TDS and UScellular plan on monetizing their remaining spectrum “immediately,” but there's no time frame for completing the process, Therivel said. “There isn’t a ton of detail I can share,” he said. “We’ve got a path in front of us in order to go get regulatory approval for this transaction” and “a lot of work" on network integration, he said.

T-Mobile has 600 collocations on UScellular towers and will lease 1,600 towers on an interim basis for up to 30 months, Therivel said. T-Mobile also agreed to enter into a master license agreement on more than 2,000 towers. “This is a great deal for our tower business -- we’ve been able to get a fantastic anchor tenant in place,” he said. UScellular also plans to grow its collocation business, he added.

Raymond James analyst Ric Prentiss noted the long time frame for regulatory approval of T-Mobile’s buy of Mint and other assets from Ka’ena, which didn’t involve spectrum or a network.
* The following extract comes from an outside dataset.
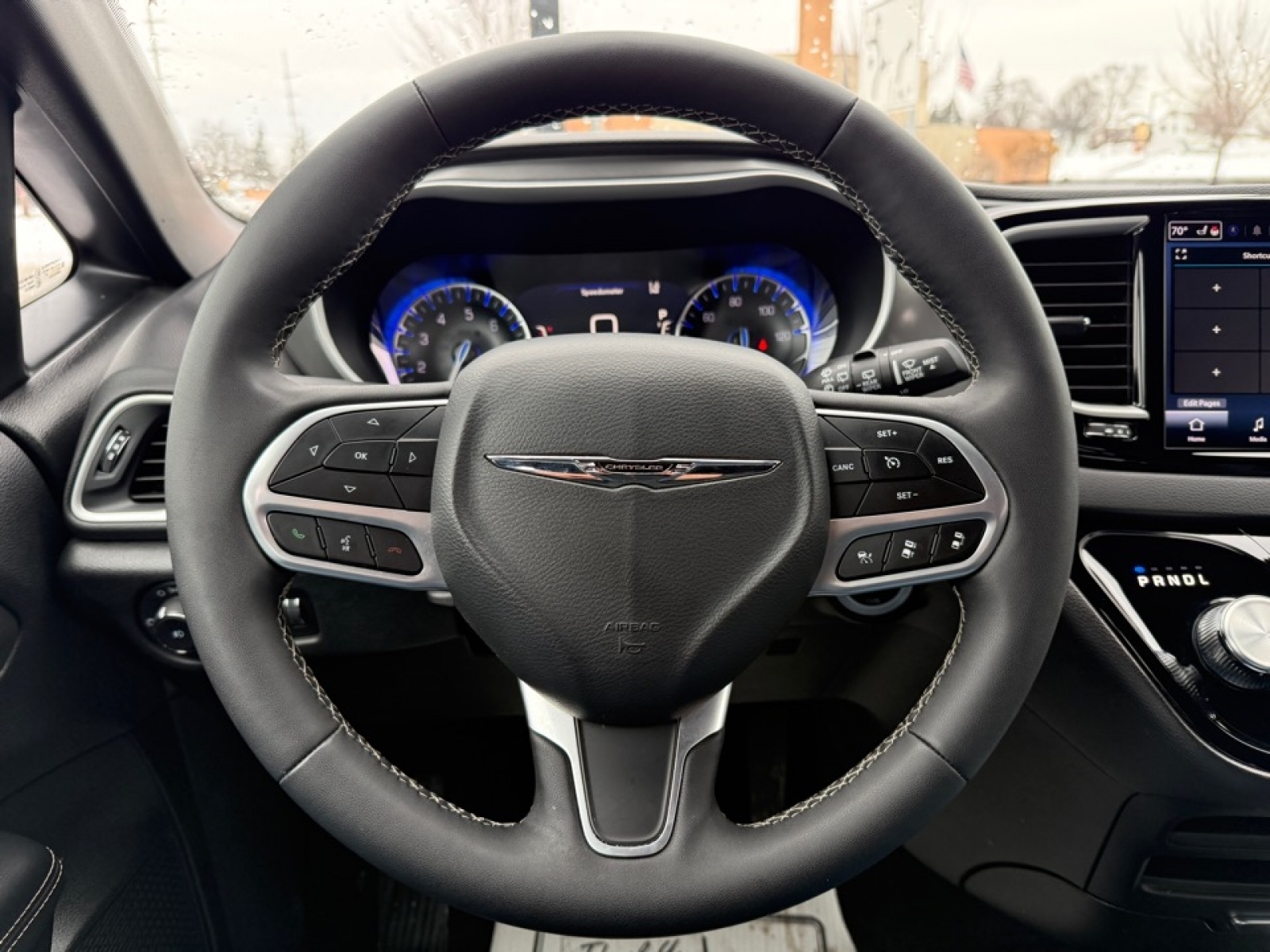 2025 Chrysler Pacifica Select, 39431, Photo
Prentiss then asked about the path forward on the newly announced deal.

I’m not really in a position … to evaluate why that deal took so long,” Therivel said. “What I can talk about is why we’re optimistic on ours,” he said. Customers will see lower prices and a better network, with a “better overall experience,” he said. In addition, UScellular customers will get access to content and other offers from T-Mobile, he noted. Regulators are concerned about the effect on employees and T-Mobile has committed to extending offers to "a significant number of our associates,” he said.

The deal will also mean more investment in rural America, where scale is key, Therivel said. The two companies also looked closely at spectrum in the transaction to mitigate spectrum aggregation concerns, he said.

Public Knowledge urged the FCC to look closely at the deal. T-Mobile’s buy of Sprint “transformed a competitive market with four major wireless companies into a concentrated market of the ‘Big Three’ and a handful of competitors with tiny market share,” said Senior Vice President Harold Feld. Since then, the market “has become further concentrated as the Big Three bought up independent providers such as Tracfone and Mint," he said. The buy would put more spectrum in the hands of the biggest carriers, while T-Mobile gains “tower slots that could otherwise have been leased by competitors,” he said.

MoffettNathanson’s Craig Moffett said the regulatory outlook is unclear. Will the FCC and DOJ “allow a transaction that will put T-Mobile above the FCC’s spectrum ownership ‘soft cap’ in select markets?” Moffett asked: “We don’t know. But it is clear that spectrum concentration concerns are at the very top of the list of issues that made this transaction take so long to announce.”